IEEE Trans Cybern. 2018 Feb;48(2):754-764. doi: 10.1109/TCYB.2017.2655511. Epub 2017 Feb 10.
The coexistence of multiple types of interactions within social, technological, and biological networks has motivated the study of the multilayer nature of real-world networks. Meanwhile, identifying network structures from dynamical observations is an essential issue pervading over the current research on complex networks. This paper addresses the problem of structure identification for multilayer networks, which is an important topic but involves a challenging inverse problem. To clearly reveal the formalism, the simplest two-layer network model is considered and a new approach to identifying the structure of one layer is proposed. Specifically, if the interested layer is sparsely connected and the node behaviors of the other layer are observable at a few time points, then a theoretical framework is established based on compressive sensing and regularization.

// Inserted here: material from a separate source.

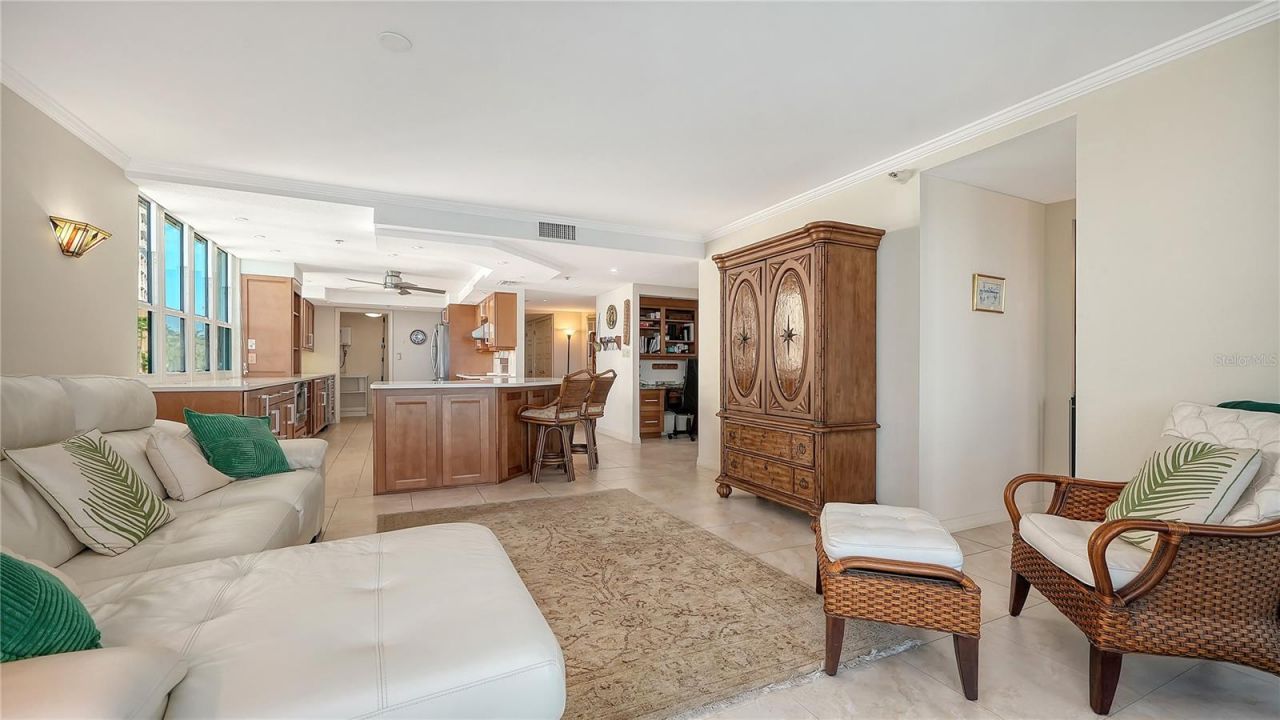 99 Sunset Drive, Unit 401, Sarasota, FL 34236 Photo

Some numerical examples illustrate the effectiveness of the identification scheme, its requirement of a relatively small number of observations, as well as its robustness against small noise. It is noteworthy that the framework can be straightforwardly extended to multilayer networks, thus applicable to a variety of real-world complex systems.
多种类型的相互作用在社会、技术和生物网络中共存,这促使人们研究真实网络的多层性质。同时,从动态观测中识别网络结构是当前复杂网络研究中普遍存在的一个重要问题。本文针对多层网络的结构识别问题展开研究,这是一个重要但涉及挑战性反问题的课题。为了清晰地揭示形式,考虑最简单的两层网络模型,并提出一种识别一层结构的新方法。具体来说,如果感兴趣的层是稀疏连接的,并且其他层的节点行为在少数几个时间点可观测,那么基于压缩感知和正则化方法建立一个理论框架。一些数值例子说明了识别方案的有效性、对少量观测的要求以及对小噪声的鲁棒性。值得注意的是,该框架可以直接扩展到多层网络,从而适用于各种真实复杂系统。